We moved to the final area of the day and got a couple more climbs in, this time with sun. The rock was a bit drier, well except for a tiny waterfall halfway through one route. On the one hand it was kind of fun having a bit of water splash on you, on the other the wet holds were less fun. I created a bit of extra excitement for myself by traversing a section too low, removing some protection, realising my mistake and having to back track a little uncomfortably aware that I’d now be more likely to swing if I fell. It proved to be a good incentive to get me through, though my shoulder crunched in disapproval at some of the pulling my arm was doing.
It was at the top of this climb I demonstrated my skill at falling on my arse as we walked back down. More precisely as I took the first step of walking back down…

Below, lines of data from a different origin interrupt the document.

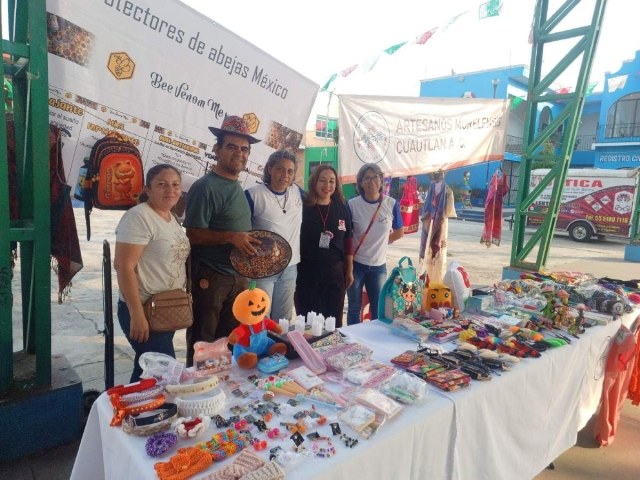 Artesanos mostraron una diversidad de obras durante la celebración.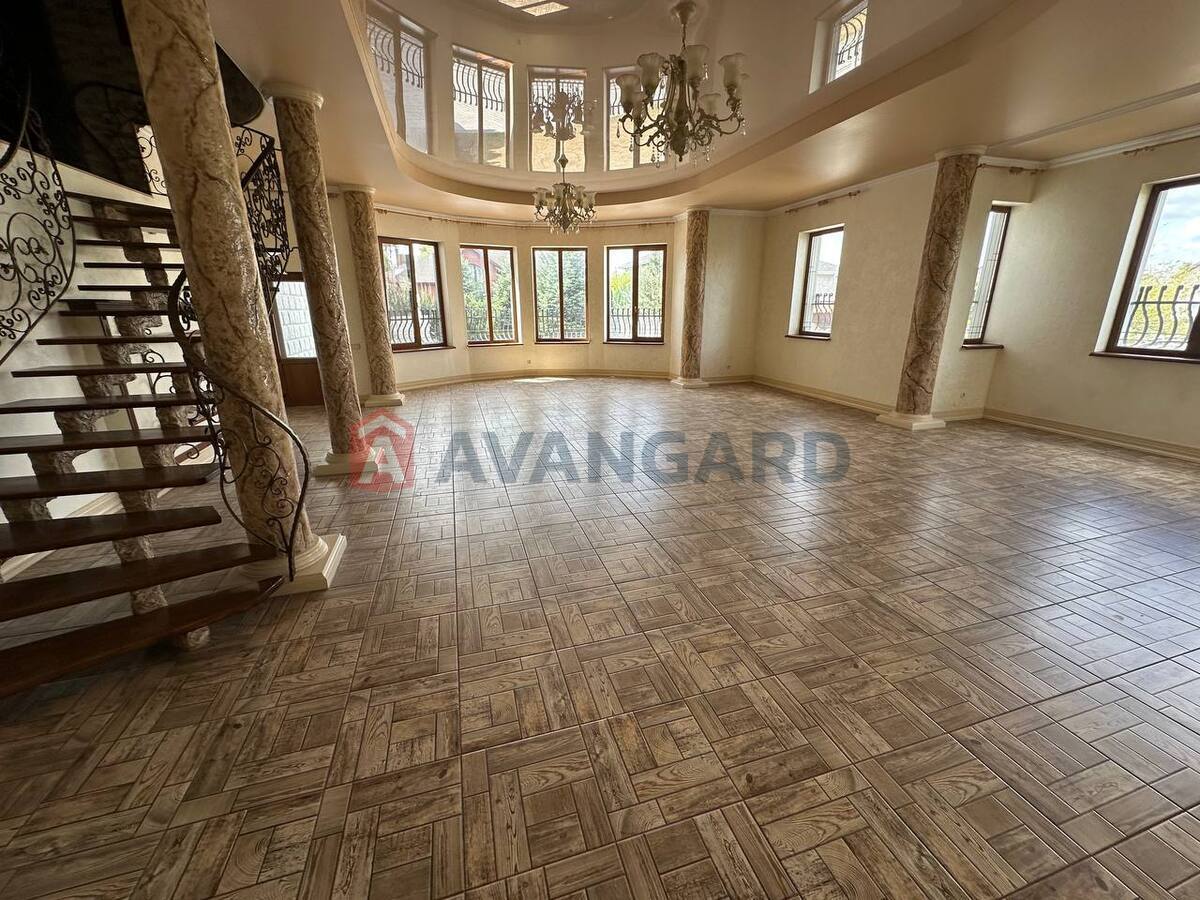 �������, 740 ��.�. ���� 6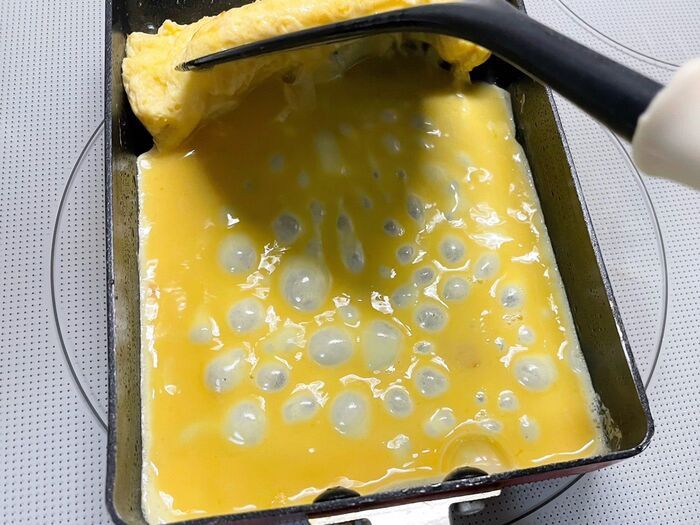 【家事ヤロウ!!!】和田明日香さんの「だし巻き玉子」はだし多めでもふわっと固める！極上食感に仕上がるコツが2つあります♪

Despite some vaguely good intentions a combination of poor weather and fatigue from a day spent outdoors meant I never managed a run the rest of the weekend. Making a total of 0 hours tri training for the period. I got home today and spent an hour on the rollers doing a nice easy spin to get back into things and have bigger plans for the rest of the week. I can’t complain about the small break it’s been 3 full months of solid training building my volume and effort up and without any significant breaks. Climbing was a great way to take a break too, still active, still needing mental focus, but an entirely different discipline to my usual routine. I can’t wait to go for the Alps and hope to get back to the crags at the Lakes sooner.